::: Data shown :::

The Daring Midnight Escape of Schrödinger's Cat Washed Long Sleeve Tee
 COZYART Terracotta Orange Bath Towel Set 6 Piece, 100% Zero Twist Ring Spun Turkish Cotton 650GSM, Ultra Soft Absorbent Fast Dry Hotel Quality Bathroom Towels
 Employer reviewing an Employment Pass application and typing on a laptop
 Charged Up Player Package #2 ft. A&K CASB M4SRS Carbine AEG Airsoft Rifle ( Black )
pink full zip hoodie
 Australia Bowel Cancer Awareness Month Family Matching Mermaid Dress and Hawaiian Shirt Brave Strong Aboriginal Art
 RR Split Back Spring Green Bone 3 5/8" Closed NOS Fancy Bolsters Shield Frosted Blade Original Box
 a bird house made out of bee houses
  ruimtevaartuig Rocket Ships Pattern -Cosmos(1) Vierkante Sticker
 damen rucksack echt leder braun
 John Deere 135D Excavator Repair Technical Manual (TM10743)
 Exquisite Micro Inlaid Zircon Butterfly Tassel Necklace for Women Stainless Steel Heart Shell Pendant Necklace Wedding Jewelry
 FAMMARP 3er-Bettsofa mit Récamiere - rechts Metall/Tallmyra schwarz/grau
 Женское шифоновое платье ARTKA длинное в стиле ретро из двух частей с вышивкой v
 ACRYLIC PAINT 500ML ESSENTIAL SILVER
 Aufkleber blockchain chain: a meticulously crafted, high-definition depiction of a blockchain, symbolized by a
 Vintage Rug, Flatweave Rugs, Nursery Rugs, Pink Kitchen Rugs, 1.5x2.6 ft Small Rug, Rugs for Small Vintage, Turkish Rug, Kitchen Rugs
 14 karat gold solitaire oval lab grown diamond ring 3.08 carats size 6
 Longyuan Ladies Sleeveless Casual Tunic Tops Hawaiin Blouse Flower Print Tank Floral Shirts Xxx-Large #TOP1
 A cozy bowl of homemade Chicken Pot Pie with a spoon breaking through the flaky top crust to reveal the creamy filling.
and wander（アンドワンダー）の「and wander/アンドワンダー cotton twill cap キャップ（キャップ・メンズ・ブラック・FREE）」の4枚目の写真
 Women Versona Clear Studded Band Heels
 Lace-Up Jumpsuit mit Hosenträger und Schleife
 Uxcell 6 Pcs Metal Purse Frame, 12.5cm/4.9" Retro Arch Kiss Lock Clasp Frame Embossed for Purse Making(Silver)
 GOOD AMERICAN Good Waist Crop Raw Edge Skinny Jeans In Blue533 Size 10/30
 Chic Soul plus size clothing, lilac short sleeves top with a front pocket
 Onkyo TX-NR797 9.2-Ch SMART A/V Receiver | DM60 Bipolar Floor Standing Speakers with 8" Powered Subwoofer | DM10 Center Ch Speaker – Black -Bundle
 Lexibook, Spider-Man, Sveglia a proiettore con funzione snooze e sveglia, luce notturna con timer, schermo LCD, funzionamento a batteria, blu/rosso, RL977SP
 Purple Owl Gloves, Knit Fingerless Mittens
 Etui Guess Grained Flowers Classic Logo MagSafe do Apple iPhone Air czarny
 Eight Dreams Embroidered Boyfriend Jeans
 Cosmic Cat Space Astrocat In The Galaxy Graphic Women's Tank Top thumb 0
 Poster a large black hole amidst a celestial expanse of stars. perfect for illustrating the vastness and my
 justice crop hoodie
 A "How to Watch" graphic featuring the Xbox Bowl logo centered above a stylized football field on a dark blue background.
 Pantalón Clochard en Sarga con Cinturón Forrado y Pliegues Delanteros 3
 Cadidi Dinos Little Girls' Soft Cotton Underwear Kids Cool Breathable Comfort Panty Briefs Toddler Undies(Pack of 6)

:::

◆ Task to carry out
Search the data above for the word "Women" and say how many lines contain it, giving only that number.

◆ Task answer
3